No había más remedio el pasado jueves, ante la marea que llenó las calles, que acudir al calificativo histórico para explicar lo que estaba pasando. Y sí, no se recordaba una movilización así en Málaga desde, al menos, el No a la guerra. Un servidor se quedó trabajando en la redacción, como correspondía, mientras compañeras, amigas y cómplices me iban narrando vía wasap los acontecimientos y, al mismo tiempo, su entusiasmo. Me daban cuenta de las emociones, de la impresión de punto de inflexión, de antes y después, de que nada volverá a ser lo mismo, de que el Gobierno ya no podrá mirar para otro lado. Y, desde luego, la posibilidad de formar parte de un movimiento capaz de transformar la historia es altamente tentadora. La manifestación del 8 de marzo entrañó una reivindicación sonora, festiva, múltiple, rigurosa en sus justas exigencias y humana como un abrazo que abarcara la ciudad desde el corazón hasta sus extremos: un cambio de rumbo con las mujeres al volante en el que cabemos todos. La convocatoria sirvió para muchas cosas, pero tal vez su mayor logro fue la preclara definición de lo que es el feminismo frente a quienes pretenden desvirtuar su sentido: no hablamos de una revuelta contra los hombres, ni de la consideración de éstos como enemigos, ni de una relectura rancia e interesada de la historia y la cultura, ni mucho menos de un sistema orquestado para dejar fuera al discrepante; hablamos de una defensa de la igualdad cimentada en la visibilidad de las mujeres, de su trabajo y su aportación a la sociedad, para la consecución de un mundo mejor. Insisto: ya no vale pintar el feminismo como aquel aquelarre de brujas, ni como aquel contubernio castrador de feminazis (término que, esperemos, haya quedado al fin sepultado para siempre), ni como ese rictus de funeral para el reparto de carnets que acreditan a las buenas mujeres y los buenos varones. El feminismo es, muy al contrario, un clamor para que nadie se quede fuera en un contexto que nos señala a todos, y especialmente a todas, como prescindibles. La calle fue la evidencia.

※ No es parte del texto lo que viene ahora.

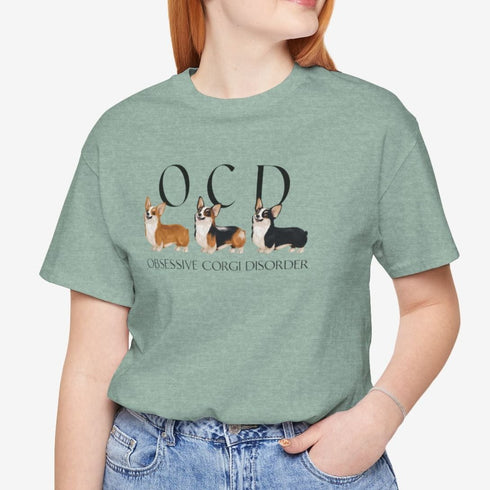 Corgi Tee for Women - Funny Corgi Shirt for Corgi Lovers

Ayer mismo, sin embargo, me sorprendió escuchar en algunas tertulias radiofónicas a encendidos expertos que se aferraban a cualquier argumento para desacreditar las movilizaciones: que si algunas periodistas que habían acudido a cubrirlas se habían incorporado entre las manifestantes, que si habían increpado a tal portavoz político, que si algunos lemas coreados reclamaban una mayor intervención del Estado (lo que cierto sector liberal interpreta de inmediato como un ataque a las libertades individuales), que si se pidió la igualdad de esta manera y no de aquella y otros muchos arbolitos puestos con la intención de que no se viera el bosque, lo que no dejaba de resultar ridículo ante la magnitud de la concentración. Y tal vez sí que corramos un riesgo: asumir que tenemos la utopía a mano entraña a menudo la convicción de que ya la habitamos en plenitud. Cabe, pues, recelar de las utopías y atender a medidas legales concretas y su estricta aplicación. Y que ardan los tertulianos, si quieren.